La Salernitana, invece, ha cominciato il campionato nel modo opposto: sconfitta in casa dal Sorrento per 2-1. Un passo falso inatteso per una formazione che parte con ambizioni importanti e che, proprio per questo, arriverà in Puglia con la necessità di dare una risposta. La seconda giornata propone dunque già un primo bivio: da una parte chi vuole cavalcare l’onda dell’entusiasmo, dall’altra chi deve dimostrare che l’esordio è stato soltanto un incidente di percorso. Per il Foggia, però, sarebbe un errore lasciarsi trascinare soltanto dall’euforia. La vittoria dello Scida ha certificato alcune qualità della squadra di Auteri, ma ha anche evidenziato quanto il progetto sia ancora in costruzione. Lo stesso tecnico, dopo il successo di Crotone, ha sottolineato come la squadra abbia mostrato calcio, pericolosità e autorevolezza soltanto a tratti e quanto ci sia ancora da lavorare. È proprio questo il significato più autentico di Foggia-Salernitana: non una sentenza sul valore dei rossoneri, ma un test per capire quanto sia già solido un gruppo che deve ancora completarsi. Il mercato, infatti, non è ancora arrivato alla parola fine. Dopo la rivoluzione estiva che ha cambiato profondamente il volto della rosa, la dirigenza continua a lavorare per consegnare ad Auteri un organico completo e competitivo.

Il Foggia attende ancora tre o quattro innesti per alzare ulteriormente il livello, soprattutto nei reparti nei quali servono alternative e maggiore profondità. Ecco perché la sfida alla Salernitana può diventare un termometro particolarmente interessante.
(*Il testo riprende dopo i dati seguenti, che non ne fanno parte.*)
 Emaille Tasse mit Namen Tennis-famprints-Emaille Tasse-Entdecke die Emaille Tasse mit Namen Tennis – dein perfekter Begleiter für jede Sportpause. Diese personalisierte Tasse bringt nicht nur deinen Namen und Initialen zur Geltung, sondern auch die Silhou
Il Foggia dovrà capire se le certezze emerse in Calabria possono essere riproposte contro un avversario più esperto e presumibilmente capace di alzare il ritmo e la pressione. Dovrà soprattutto dimostrare di poter giocare con personalità anche quando non sarà sufficiente aspettare l’occasione giusta, ma servirà costruirla. È il passaggio dalla sorpresa alla conferma. Attorno alla squadra, intanto, l’entusiasmo cresce.
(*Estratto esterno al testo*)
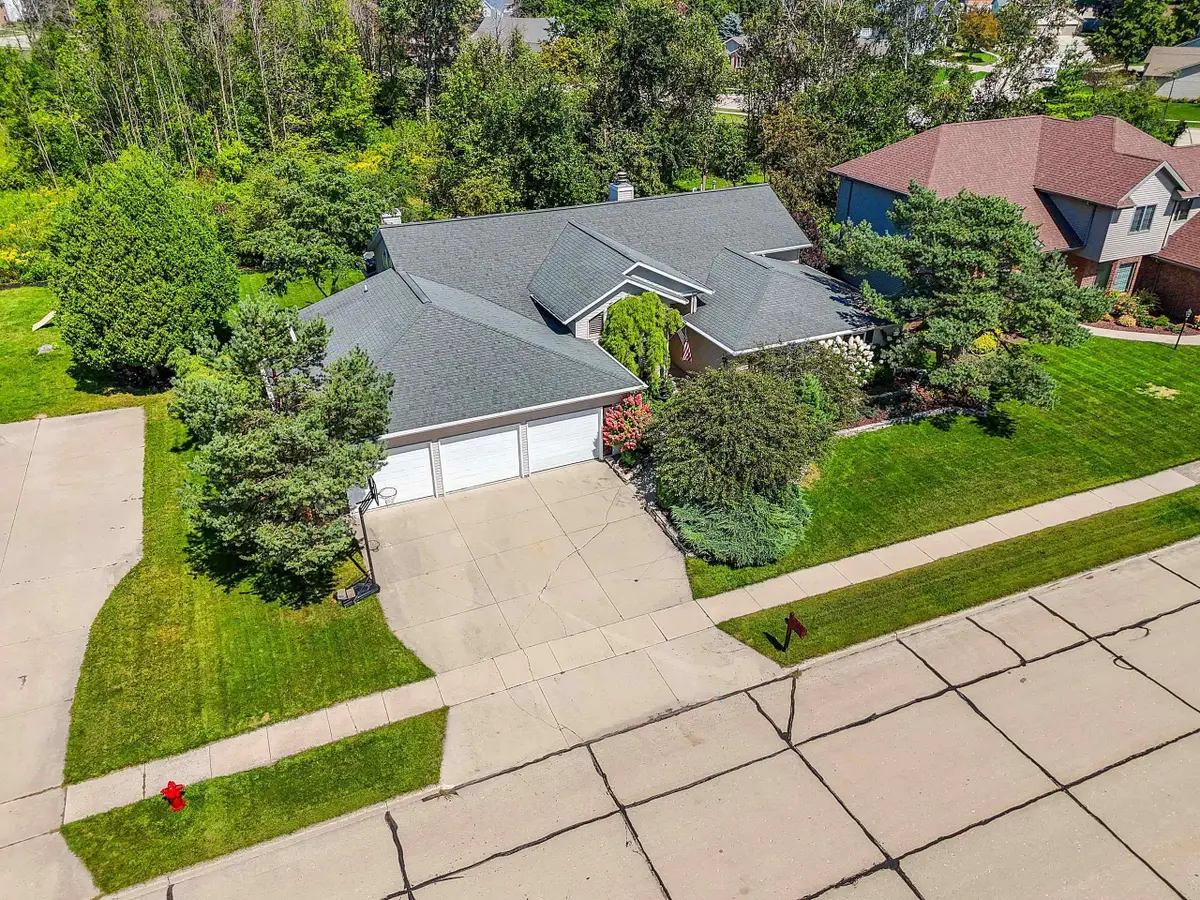 3718 Westwood Lane, Manitowoc, WI 54220-1672 - #1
La risposta della città alla nuova stagione è stata evidente e anche l’allenamento a porte aperte allo Zaccheria di giovedì ha restituito un colpo d’occhio fatto di colori e passione. Un entusiasmo che, paradossalmente, domani non potrà entrare nello stadio. La gara sarà infatti disputata a porte chiuse, per effetto della sanzione inflitta al Foggia nello scorso campionato. Ed è forse questo l’aspetto più surreale del confronto. La città avrebbe voluto accompagnare la squadra nel primo appuntamento casalingo della nuova stagione, proprio contro l’avversaria che pochi mesi fa aveva rappresentato il punto più basso della storia recente. Invece lo Zaccheria sarà senza pubblico, trasformando una partita che avrebbe avuto una cornice incandescente in un confronto quasi sospeso, inevitabilmente condizionato dal silenzio sugli spalti.Il contrasto con il 26 aprile scorso è impressionante.

Allora Foggia-Salernitana non fu semplicemente l’ultima giornata di un campionato: fu la partita che decretò la retrocessione dei rossoneri in Serie D. La Salernitana vinse 3-1, condannando il Foggia alla D. Domani lo scenario sarà diametralmente opposto sul piano emotivo e sportivo. Ad aprile c’erano una squadra ormai svuotata, una stagione da dimenticare e un verdetto da evitare. Ad agosto c’è invece un Foggia appena rinato, reduce da una vittoria esterna che ha restituito fiducia, la Salernitana non sarà più soltanto il simbolo della retrocessione ma il primo grande ostacolo sulla strada della rinascita.